EXERCISE GOAL |
Apart from the images, every record below must be given again without alteration.

RECORDS SHOWN |
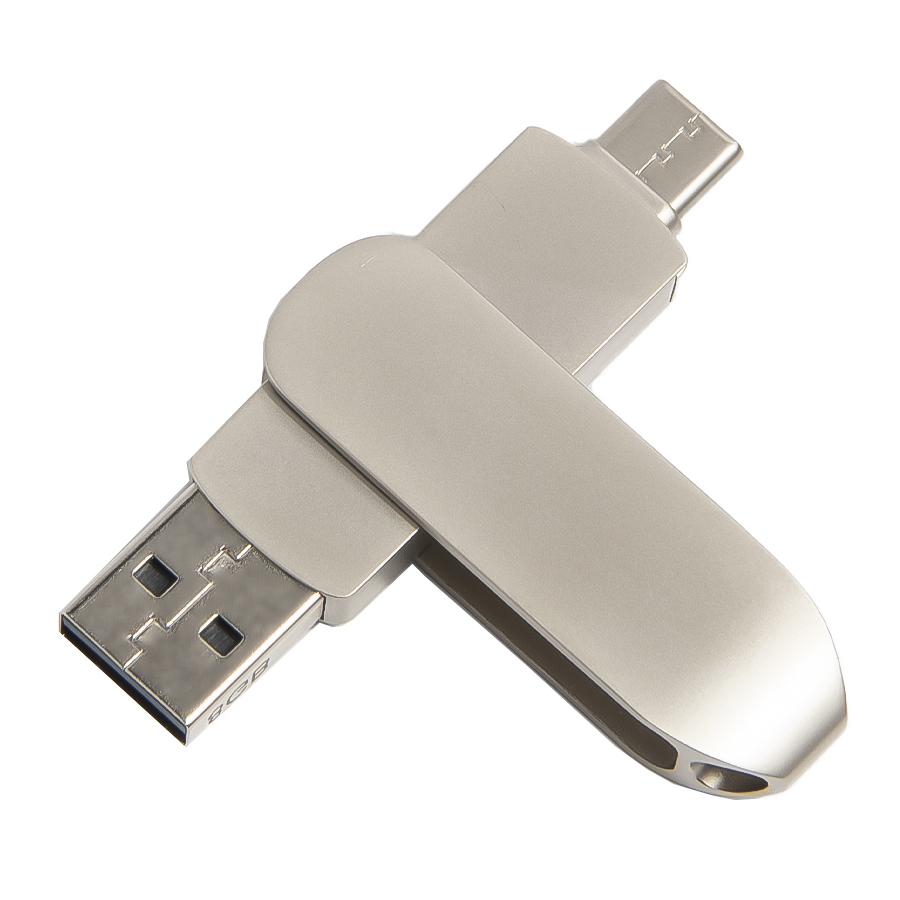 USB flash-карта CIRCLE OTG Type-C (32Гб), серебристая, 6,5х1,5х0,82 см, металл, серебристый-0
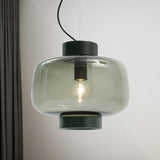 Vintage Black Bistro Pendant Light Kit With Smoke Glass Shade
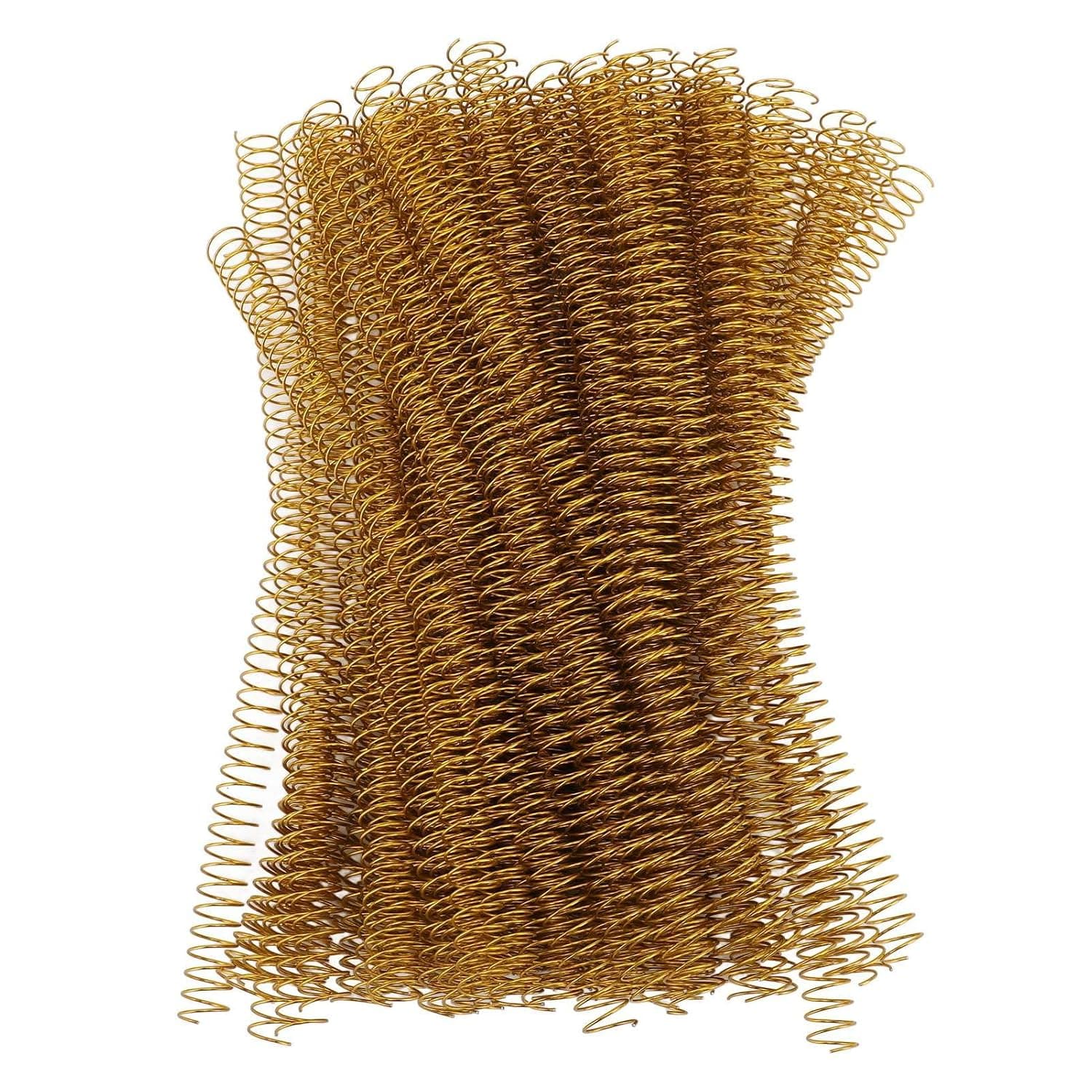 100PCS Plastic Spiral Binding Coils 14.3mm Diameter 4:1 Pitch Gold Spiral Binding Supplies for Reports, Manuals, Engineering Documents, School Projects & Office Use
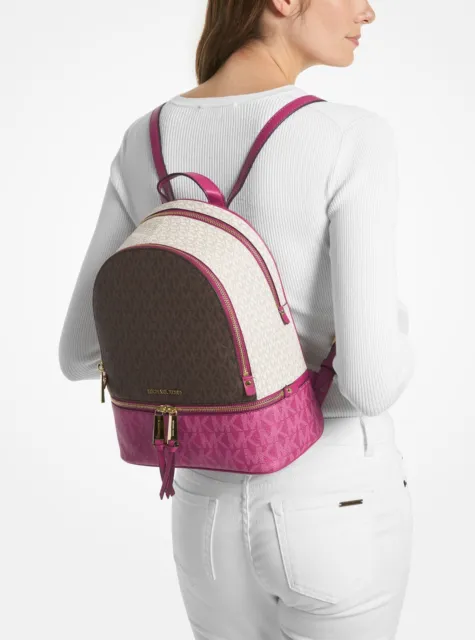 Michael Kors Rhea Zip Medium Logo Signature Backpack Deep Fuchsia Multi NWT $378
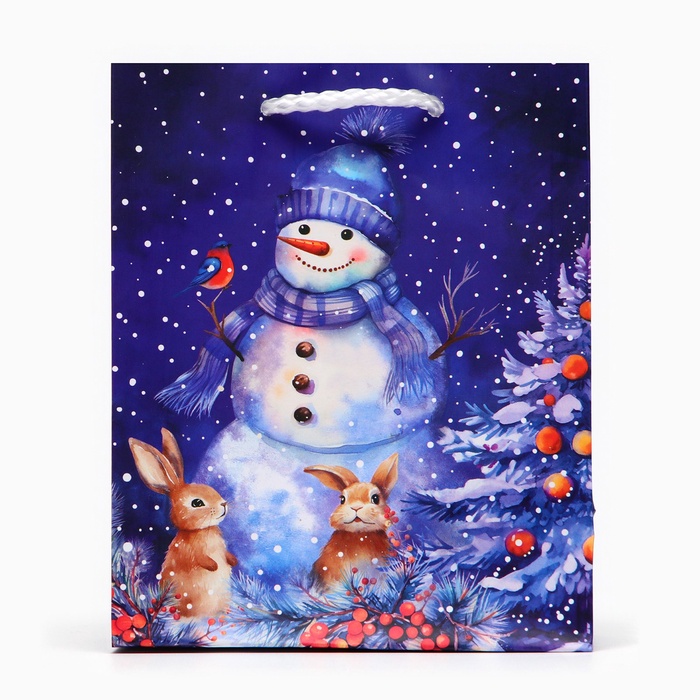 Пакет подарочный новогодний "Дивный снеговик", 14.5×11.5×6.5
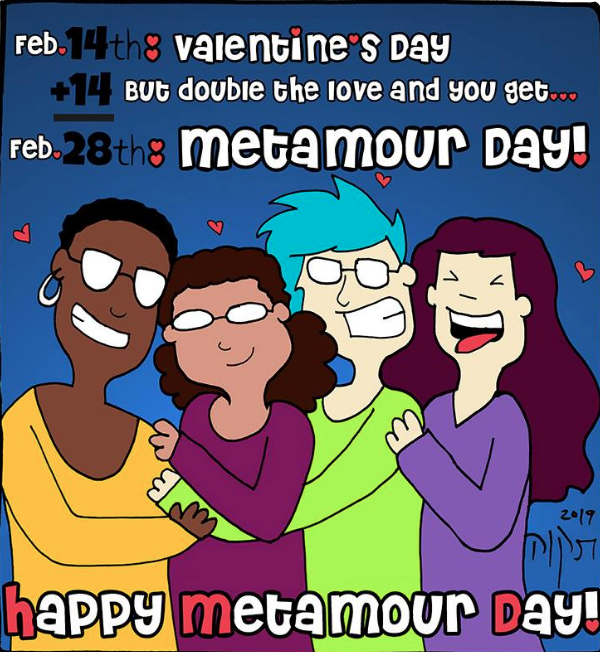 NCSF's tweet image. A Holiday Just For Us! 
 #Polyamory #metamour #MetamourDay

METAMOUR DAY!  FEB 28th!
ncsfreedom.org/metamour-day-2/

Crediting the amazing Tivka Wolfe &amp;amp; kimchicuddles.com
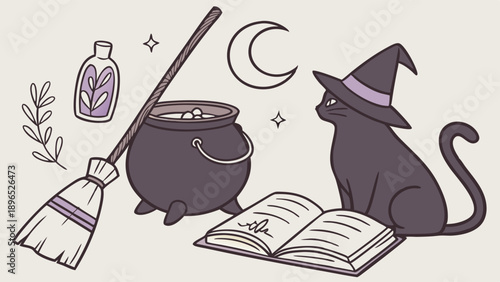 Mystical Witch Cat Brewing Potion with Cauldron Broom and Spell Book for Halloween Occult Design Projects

RESULT FOR THIS TASK |
 USB flash-карта CIRCLE OTG Type-C (32Гб), серебристая, 6,5х1,5х0,82 см, металл, серебристый-0
 Vintage Black Bistro Pendant Light Kit With Smoke Glass Shade
 100PCS Plastic Spiral Binding Coils 14.3mm Diameter 4:1 Pitch Gold Spiral Binding Supplies for Reports, Manuals, Engineering Documents, School Projects & Office Use
 Michael Kors Rhea Zip Medium Logo Signature Backpack Deep Fuchsia Multi NWT $378
 Пакет подарочный новогодний "Дивный снеговик", 14.5×11.5×6.5
 NCSF's tweet image. A Holiday Just For Us! 
 #Polyamory #metamour #MetamourDay

METAMOUR DAY!  FEB 28th!
ncsfreedom.org/metamour-day-2/

Crediting the amazing Tivka Wolfe &amp;amp; kimchicuddles.com
 Mystical Witch Cat Brewing Potion with Cauldron Broom and Spell Book for Halloween Occult Design Projects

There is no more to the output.